US executives balance exuberance and prudence in a booming M&A market
With mergers and acquisitions in 2015 nearing an all-time record, our 13th Global Capital Confidence Barometer finds US corporate executives both leveraging the opportunities a thriving deal market brings and exercising prudence.
Nearly three-fourths of our US respondents (74%) report M&A plans in the next year. That is an all-time high since we launched the Barometer more than six years ago. A similar percentage of our respondents say the valuation gap between buyers and sellers is small — indicating, in essence, that there’s never been a better time to do a deal.

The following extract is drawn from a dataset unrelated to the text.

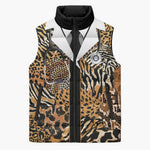 Proud Black Nurse RN Sleeveless Puffer Jacket African Stethoscope Animal Skins Pattern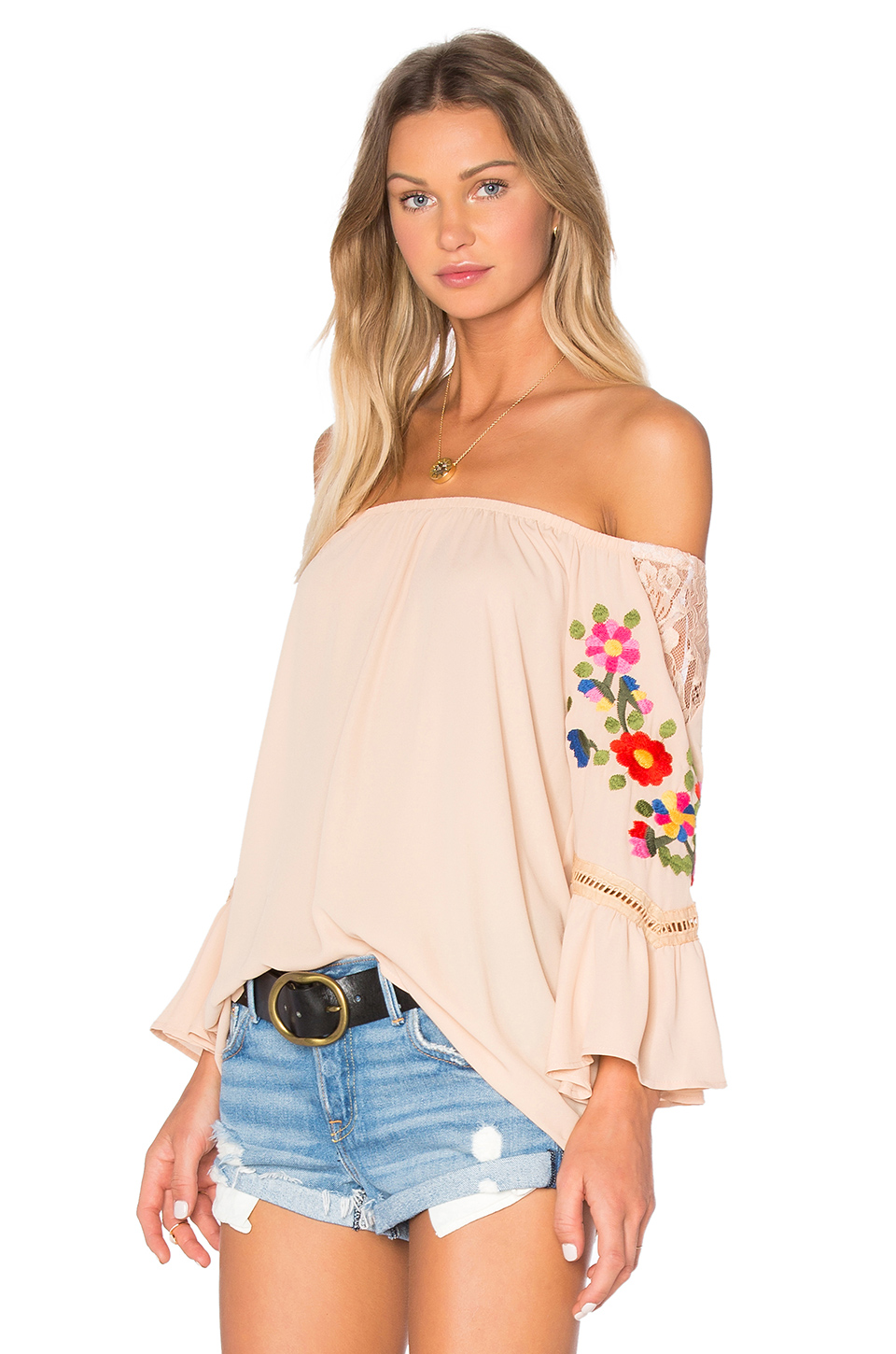 Peach embroidered off shoulder top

Yet these same upbeat executives are bracing for headwinds in the next year. They are not just wary of outside forces — from volatility in commodities and currencies, to political instability in the Eurozone, uncertainty in the US Congress as a result of the speaker’s race and the pending debt ceiling limit as well as the potential for a polarizing US presidential election. They are also conservative about the prospects for the domestic deal market, and for corporate earnings amid a persistently low-growth environment. This tempered outlook is reflected in how they are running their businesses. US executives say they are allocating more than half of their available capital to debt reduction and shoring up balance sheets — more than organic and inorganic growth, and shareholder cash deployment, combined.
Healthy, sturdy deal market
As contradictory as these Barometer responses might appear, taken together they bespeak a healthy, sturdy deal market. We see it in the steady growth in pipelines: all of our US respondents are maintaining or growing the number of targets they evaluate. In our last Barometer, the story was of modest-sized US companies coming off the sidelines after years of post-crisis mindset. As the mid-’10s M&A boom broadens and deepens, these companies are not just executing deals, but planning the next ones; one-deal or two-deal pipelines are converting to threes and fours.
We also see it in the positive attitude toward deal fundamentals: the number and quality of opportunities, and the likelihood of closing, are all up solidly from six months to a year ago. Yet even as M&A has grown strongly, virtually all of our respondents tell us they have canceled or walked away from a deal in the last 12 months — a sure sign of a confident market, with dealmakers determined to wait for the right opportunity.
Foundation for growth
One term we might use to describe present-day corporate leaders was coined some years ago by an institute of chartered accountants: “professional skepticism.” It describes those with a questioning mind and a critical assessment of evidence. This neatly sums up the job description of a modern C-suite executive or board member: ingesting a full range of market data and internal metrics, and challenging even the most positive of trends. As shown in this Barometer, US executives are leading the way as the global market’s professional skeptics. Across an entire market, this probity is how an M&A flurry turns into a sustained boom and how dealmaking creates a foundation for future growth.